Provincial water levels
The Free State is generally in a positive water balance with the average dam water level at 67 per cent, but critical water areas are the central areas along the watershed relying on the water transfers from the Caledon River system.
“This system has experienced abnormally low flows in recent years. Water restrictions have been implemented for users in the Caledon River system, and releases from the Lesotho Highlands transfers into the Little Caledon River are being implemented to augment the system in the short-term,” said the Minister.
In the Northern Cape a total of 280 communities depend on groundwater because the province is located in a semi-desert climate and experiences low rainfall.
“Many of these towns are already using over 76 per cent of groundwater, potential and alternative sources of water are being investigated to reduce the risk of non-supply of water,” she said.
The average water level in all dams in the Northern Cape is 53 per cent and water restrictions are currently being implemented.
In the Western Cape the average dam level is 70 per cent, which is low compared to last year because of lower-than-normal rainfall during the past winter.
Main drought impacts are on agriculture in the Vredendal, Garies, Bitterfontein areas, where the farmers have already applied for drought relief for their stock.

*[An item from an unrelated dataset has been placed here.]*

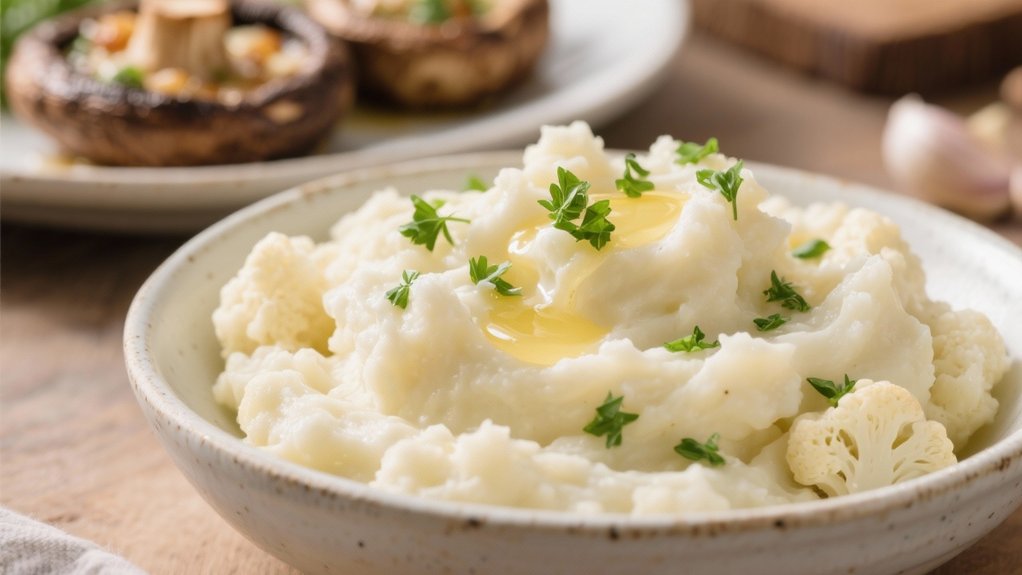 creamy garlic cauliflower mash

Most of Gauteng’s water is supplied by the Vaal and Crocodile West River systems. Minister Mokonyane said the average dam levels are currently at 84 per cent and pose manageable short-term water security risk.

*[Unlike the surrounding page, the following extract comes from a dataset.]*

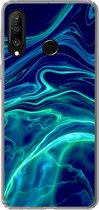 Geschikt voor Huawei P30 Lite hoesje - Abstract - Waves - Design - Siliconen Telefoonhoesje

“No hydrological drought is experienced currently. A number of projects are however underway to address service delivery problems,” she said.
The restrictions that have been implemented by Rand Water are as a result of the current high weather conditions, which could lead to a drought situation. The City of Tshwane implemented water restrictions in most towns due to the heat wave in October. While Joburg Water had not yet implemented water restriction, communities have been advised to use water wisely.
In the Eastern Cape, the water situation is generally good with average dam level at 78 per cent and most of the key dams are at full or close to full levels.
However, the Minister said there were areas of concern including Butterworth/Idutywa.
“Water restrictions should be implemented urgently to stretch the available water in the system.”
The average water level of dams in Limpopo is 71 per cent with 12 of 24 dams above 80 per cent and four dams below 50 per cent. The recent construction of the De Hoop Dam is expected to bring relief to the rapid growth in mining and domestic water demands in the Sekhukhune District Municipality.
The Minister said the department will intervene in addressing challenges in Limpopo, to help local government to manage them.
In Mpumalanga, dam water levels are on average at 70 per cent. Minister Mokonyane said the drought stricken area is primarily located in the south bordering KwaZulu-Natal and Swaziland.
“Despite below average rainfall, the domestic water supply systems are still in good state,” she said.
In KwaZulu-Natal the average water level of the dams is currently 58 per cent of full supply capacity. Three of the 18 large water supply schemes are at risk, and 42 of the 117 schemes are affected by drought.
“A plan of action has been developed, including drilling of boreholes, spring rehabilitation and packaged desalination plants. More than 150 tankers have already been deployed in 12 local municipalities," said the Minister.